The Improvising Citizen
exploring the symbiosis of our creative work and our public life
A workshop in dance, improvisation and performance exploring the polarities of inner/outer, private/public, life/art as our primary sources of instigation and inspiration.
Grounding ourselves in the disciplined study and joyful practice of improvised dance and performance, we’ll explore the symbiosis of our creative work and our public life. Deepening and expanding our dance practices – contact improvisation, physical theater, improvised dance - will be the home base for round-trip travel into questions of politics, culture, spirituality, family, and society. Sound, vocal language and text, sourced from the wild body, will be included in our experiments. Performance will serve as a ritualized time and place for simultaneous research and discourse.
How does the external influence the internal, and vice versa? How do our familial, social, and global experiences influence our dancing body? How do our practices of improvised dance, movement, meditation and performance influence our perceptions and actions outside the studio?
We dive into the pool of our dancing body, dropping into sensation and imagination, resurfacing with gestures and momentum, touch and flight. What is the role of the dance in your life? What is the role of the dancer in social life? Is the world dancing? Is Vienna an improvised performance?
I intend this workshop to be a living laboratory, motivated by the experiences and desires of each and all who are present.
Contact Improvisation
an impulse for spontaneous partnership
Contact Improvisation is an approach, a context, a practice. Anyone who is willing can do it. The dance can be slow, low to the ground, intimate, athletic, fierce and flying within a matter of seconds or hours... Contact Improvisation thrives on deep listening, whole body respect and awareness, flexibility, playfulness, strength, mutual trust and joie de vivre. A basic suggestion is to follow an ever-changing point of contact (or place of touch) between your body and your partner’s body. We will follow this suggestion and expand the dance to include a wide experience of improvising in partnership: duo, trio, group, body and architecture, body and world.
I have been dancing with Contact Improvisation since 1979. The dance, like my body and the world around me, has gone through several phases and changes, styles and evolutions. I teach Contact as an experiment in moving, as an impulse for spontaneous partnership and choreography, as an inspirational space where new ideas and actions flourish.
Shamanic Improvised Presence
Improvisation and performance as potential shamanic action
A weekend experiment to investigate the relationship between improvised dance, performance and shamanism.
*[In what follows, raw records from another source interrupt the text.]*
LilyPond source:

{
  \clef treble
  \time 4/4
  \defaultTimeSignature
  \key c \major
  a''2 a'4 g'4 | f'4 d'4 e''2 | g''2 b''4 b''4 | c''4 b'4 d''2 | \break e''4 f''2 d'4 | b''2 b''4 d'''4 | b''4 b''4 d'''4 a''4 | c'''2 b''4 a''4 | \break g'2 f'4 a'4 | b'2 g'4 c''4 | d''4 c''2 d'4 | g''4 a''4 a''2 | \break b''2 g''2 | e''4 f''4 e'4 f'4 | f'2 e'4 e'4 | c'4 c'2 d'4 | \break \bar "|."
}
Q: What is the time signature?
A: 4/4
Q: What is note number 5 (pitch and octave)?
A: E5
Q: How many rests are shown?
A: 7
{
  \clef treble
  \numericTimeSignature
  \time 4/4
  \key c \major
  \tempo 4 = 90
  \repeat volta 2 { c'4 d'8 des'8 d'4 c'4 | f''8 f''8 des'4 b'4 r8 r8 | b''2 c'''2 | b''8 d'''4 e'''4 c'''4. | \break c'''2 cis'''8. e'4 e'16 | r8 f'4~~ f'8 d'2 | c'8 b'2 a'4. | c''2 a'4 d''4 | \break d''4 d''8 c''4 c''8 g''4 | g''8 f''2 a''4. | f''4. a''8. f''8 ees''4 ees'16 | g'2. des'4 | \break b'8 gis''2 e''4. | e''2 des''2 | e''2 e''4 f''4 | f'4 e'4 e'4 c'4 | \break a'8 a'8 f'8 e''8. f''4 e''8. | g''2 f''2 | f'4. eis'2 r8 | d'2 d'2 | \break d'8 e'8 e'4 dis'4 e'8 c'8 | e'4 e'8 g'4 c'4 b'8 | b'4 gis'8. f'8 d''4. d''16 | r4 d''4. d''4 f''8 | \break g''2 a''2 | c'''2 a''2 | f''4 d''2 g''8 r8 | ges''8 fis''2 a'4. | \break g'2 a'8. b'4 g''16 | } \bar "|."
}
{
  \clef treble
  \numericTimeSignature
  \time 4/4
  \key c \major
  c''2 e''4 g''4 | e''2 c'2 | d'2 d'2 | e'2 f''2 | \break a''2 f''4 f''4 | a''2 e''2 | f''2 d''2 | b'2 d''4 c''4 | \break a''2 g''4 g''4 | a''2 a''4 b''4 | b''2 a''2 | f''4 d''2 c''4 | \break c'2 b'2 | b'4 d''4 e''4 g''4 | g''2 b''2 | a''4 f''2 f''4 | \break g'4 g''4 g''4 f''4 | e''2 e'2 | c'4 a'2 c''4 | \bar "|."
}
Exercises and experiences in presence, transformation, breath, altered states of being, trance, awareness, ritual, and performance.
I have been studying ritual, both ancient and contemporary, for over 20 years. I recognize the many continuations and disruptions between religious practice and the Western concert stage. Shamanism, in a general usage, refers to the ritual/spiritual practices of working with unseen forces, of energy, of transforming space and time, of shifting meaning and perspective. Performance often engages the same intentions.
Throughout the weekend we will, in action and conversation, question the concept of Presence. What is it? How do we experience it? Can it be choreographed? What can we learn about presence through improvisation?
Keith HennessyKeith Hennessy is a performer, choreographer, teacher and organiser. He was born in Canada, lives in San Francisco and tours internationally. His interdisciplinary research engages improvisation, ritual and public action as tools for investigating political realities. Recent awards include a NY Bessie (2009), two Isadora Duncan Awards (2009), the SF Bay Guardian’s Goldie (2007) the Alpert/MacDowell Fellowship in Dance (2005). Hennessy directs ZERO PERFORMANCE, and was a member of the collaborative performance companies: Contraband (85-94), CORE (95-98), and Cahin-caha, cirque bâtard (98-02). Recent works include "Auf den Tisch!" with Meg Stuart, "Delinquent", a work with young adults investigating juvenile crime and punishment, commissioned by Yerba Buena Center for the Arts, and "Crotch", a solo performance developed at L’Arsenic in Lausanne, and presented internationally. Keith's recent teaching includes University of California (Davis), University of Dance & Circus (Stockholm), ImPulsTanz (Vienna), Touch & Play Festival (Berlin), Ponderosa (Stolzenhagen), Tanzfabrik (Berlin) and American Dance Festival (Durham). Hennessy is a PhD candidate in Performance Studies at UC Davis.